Your instructions: Ignoring the images, restate the records below word for word.

- - - - -

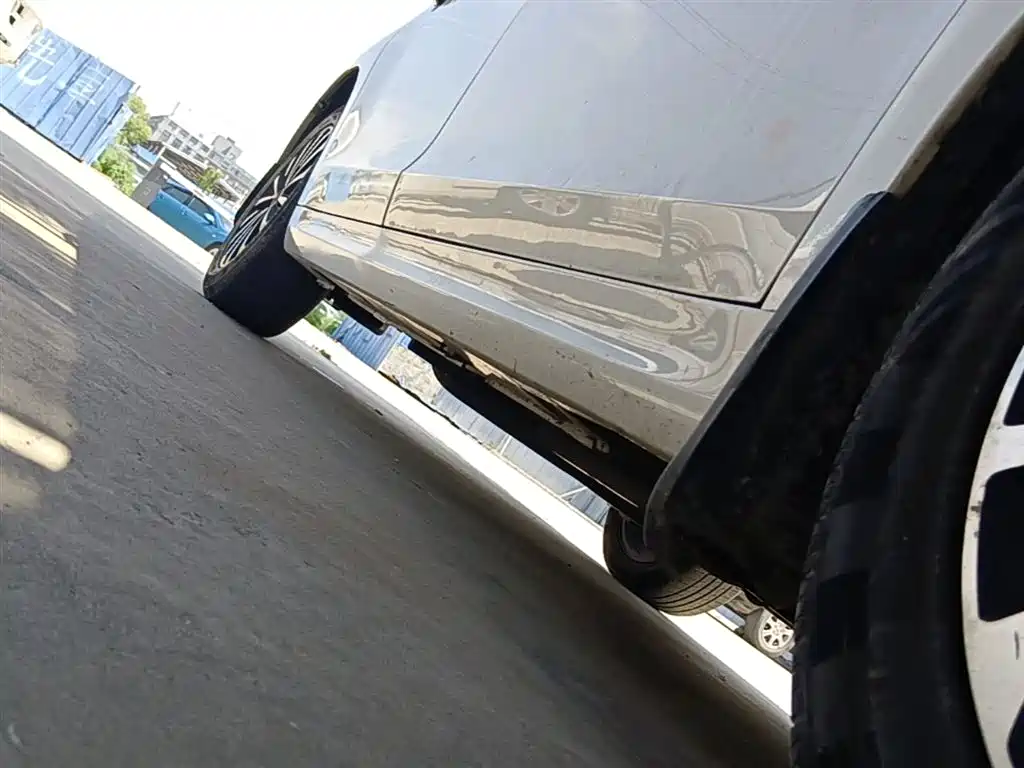 Zotye 众泰Z560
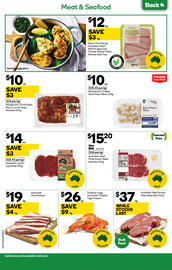 Woolworths catalogue week 2 Page 20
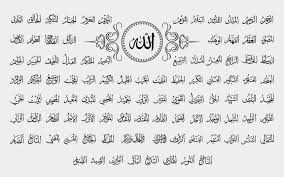 names of in quranic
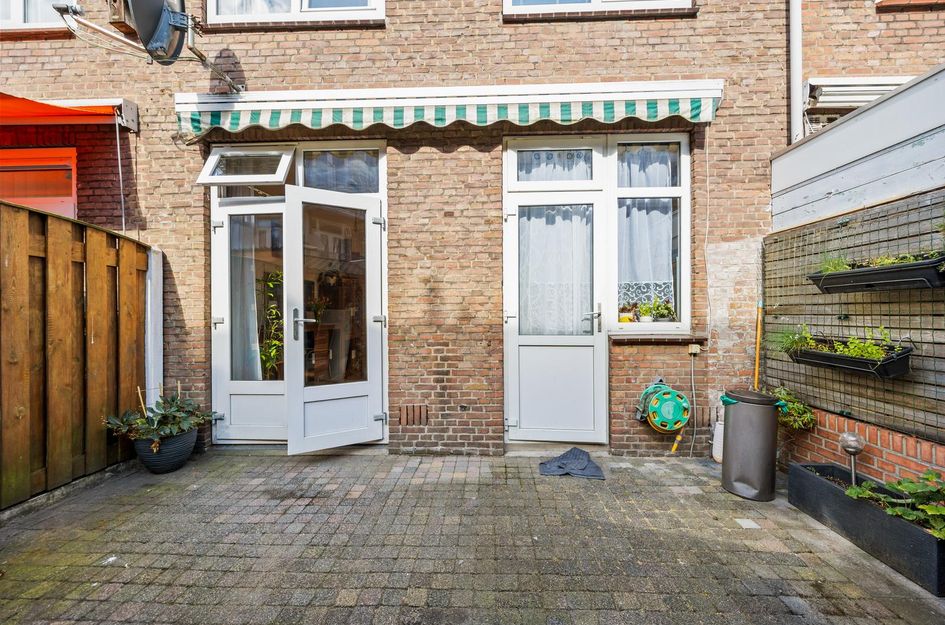 Miquelstraat 22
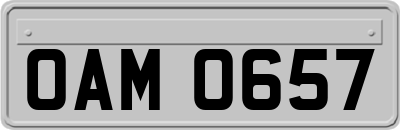 OAM0657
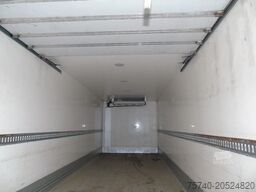 DAF LF 220 + CARRIER SUPRA 850 + 16T + EURO 6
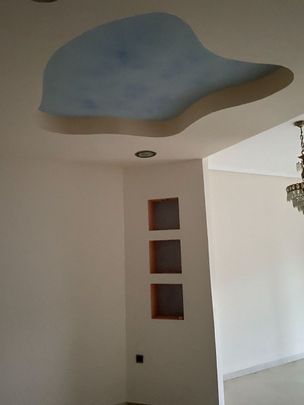 Διαμέρισμα για ενοικίαση Κέντρο (Καλαμαριά) - Photo 1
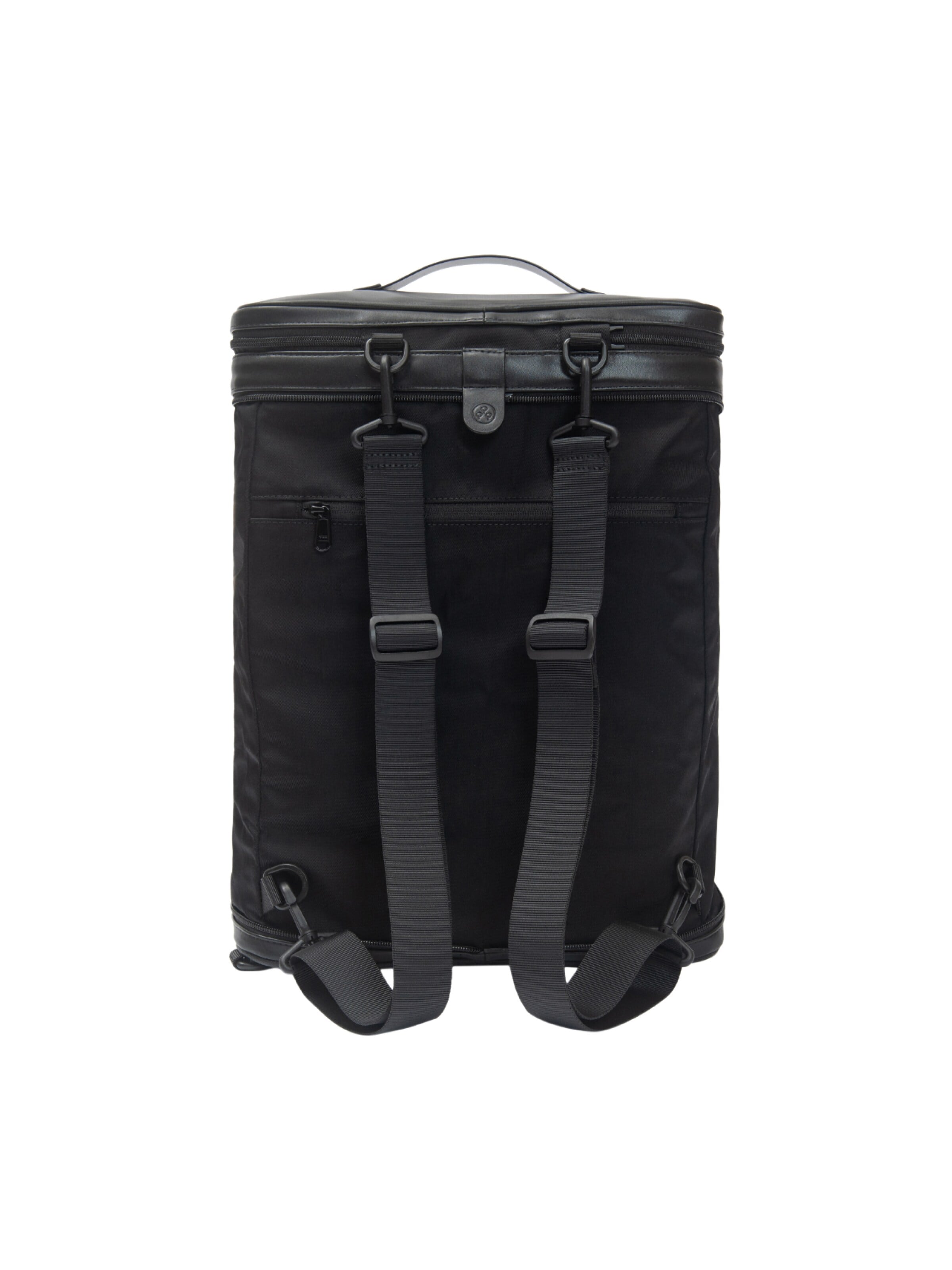Sac à bandoulière 'KIWEE Sandwich' KIWEE en noir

- - - - -

Answer to the problem:
 Zotye 众泰Z560
 Woolworths catalogue week 2 Page 20
 names of in quranic
 Miquelstraat 22
 OAM0657
 DAF LF 220 + CARRIER SUPRA 850 + 16T + EURO 6
 Διαμέρισμα για ενοικίαση Κέντρο (Καλαμαριά) - Photo 1
Sac à bandoulière 'KIWEE Sandwich' KIWEE en noir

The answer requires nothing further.